Video: ‘We don’t need M&A to grow,’ B2Gold CEO says

B2Gold CEO Clive Johnson (L) talks to TNM's western editor, Henry Lazenby during the Gold Forum Americas last week in Colorado Springs.

B2Gold (TSX: BTO; NYSE-A: BTG) has had a rough year with falling production in Mali and a delay in first gold and rising costs at its Goose project in Nunavut. But co-founder, president and CEO Clive Johnson believes the company has turned a corner with big growth prospects ahead.

B2Gold’s market cap dropped to about US$5 billion from 2020 highs on rumours about the stability of Mali where it has its largest gold mine, Fekola. The concern stemmed from political instability in Mali in 2020 and 2021, changes to mining laws or talks about the nationalization of assets. Delays in securing new mining licenses in Mali further caused gold output to slump from 1 million oz. last year to about 870,000 oz. in 2024. Inflation and supply chain issues at the Goose project in Nunavut also increased costs, delaying the $1.5 billion project’s first gold pour till July next year.

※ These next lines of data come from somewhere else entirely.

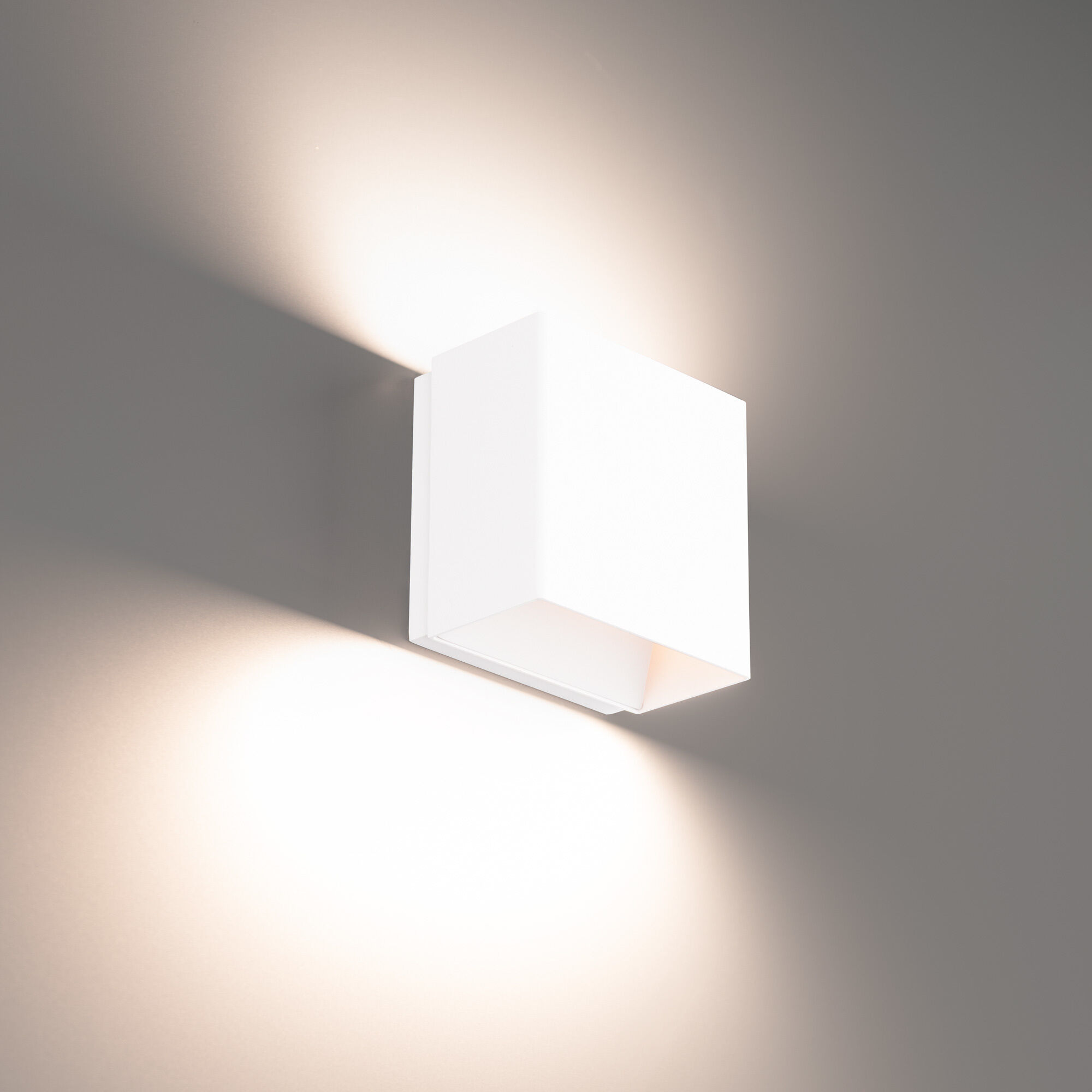 Boxi Wall Sconce Wall Light in 2700K, White, dweLED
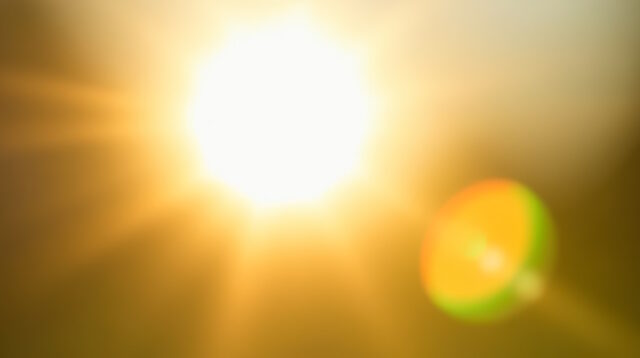 vecteezy_abstract-sunlight-flare-background_50508071 sunny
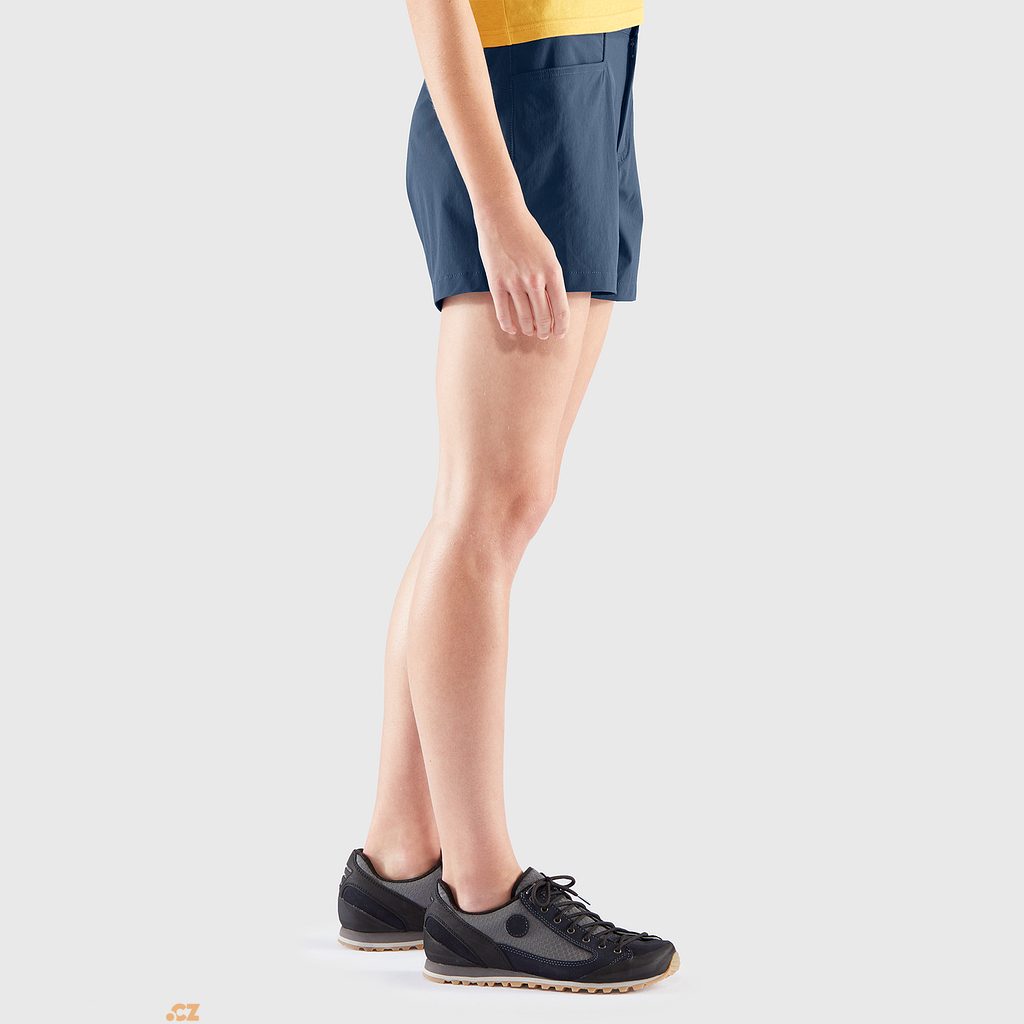 Outdoorweb.eu High Coast Lite Shorts W Ultramarine women s shorts FJALLRAVEN 72.11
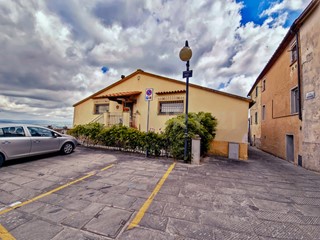 Casa Indipendente in Vendita a Grosseto, zona Montepescali, 427'340€, 200 m², con Box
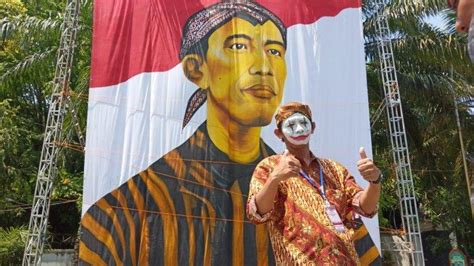 Lukisan Jokowi Raksasa Dibentangkan Masyarakat Kami Bersama Jokowi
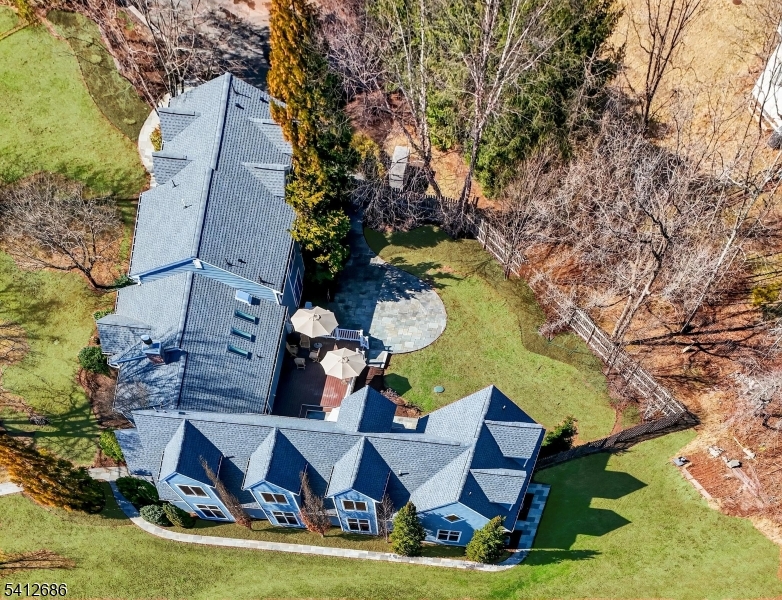 a view of yard with swimming pool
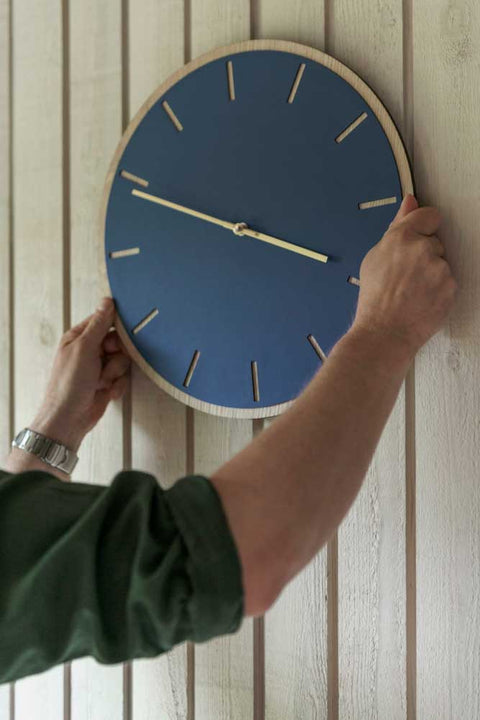 Smokey Blue Oak vægur – Ø28/Ø38 cm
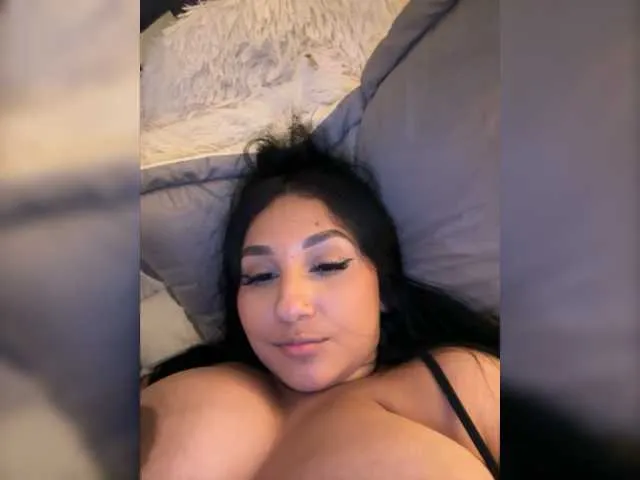 Live sex webcam photo for IrisEvans #275434333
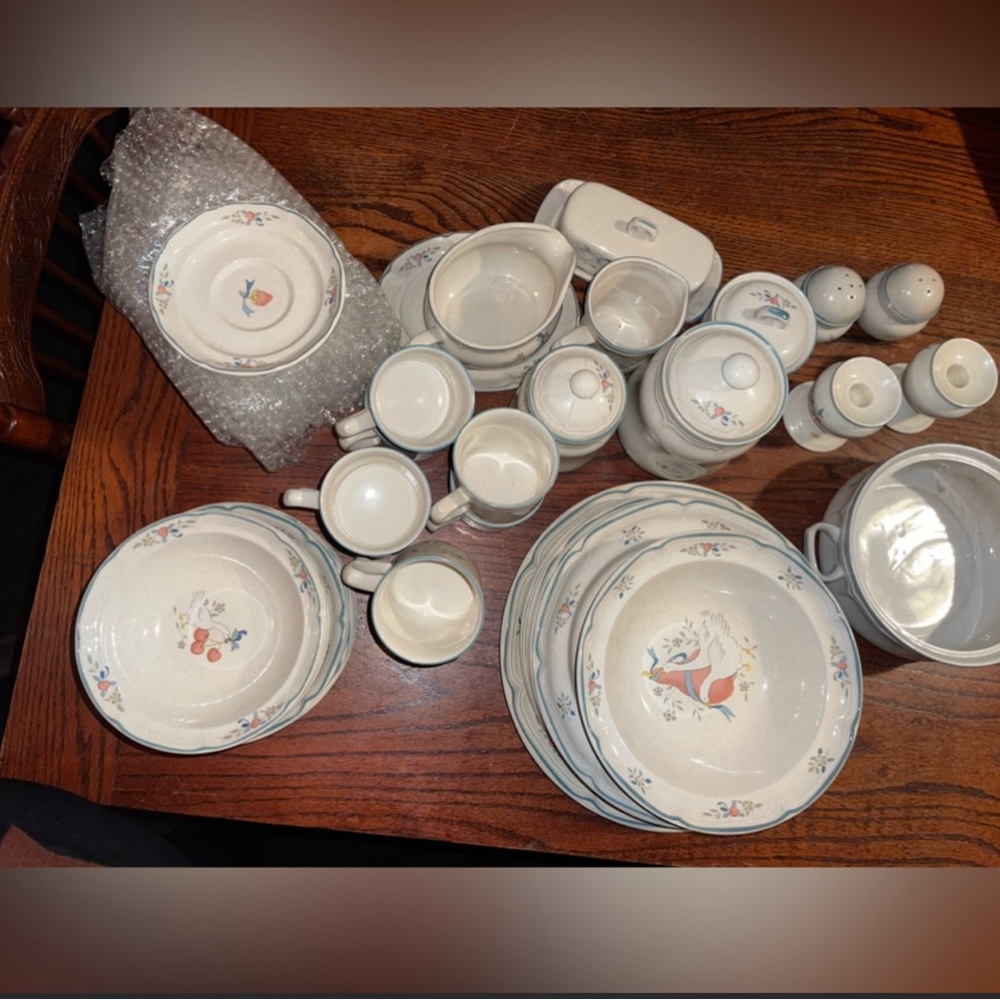 Marmalade pot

“Despite the challenges, we’re looking forward to a positive future,” he told The Northern Miner’s western editor, Henry Lazenby, last week during the Gold Forum Americas in Colorado Springs. “We don’t need mergers or acquisitions to grow—we’re adding over 600,000 oz. from existing assets alone.”

The company expects to increase production by 100,000 oz. at Fekola and add 310,000 oz. yearly from Goose by mid-2024. In Colombia, the Gramalote project could contribute another 240,000 oz. annually, if the US$807 million development is approved.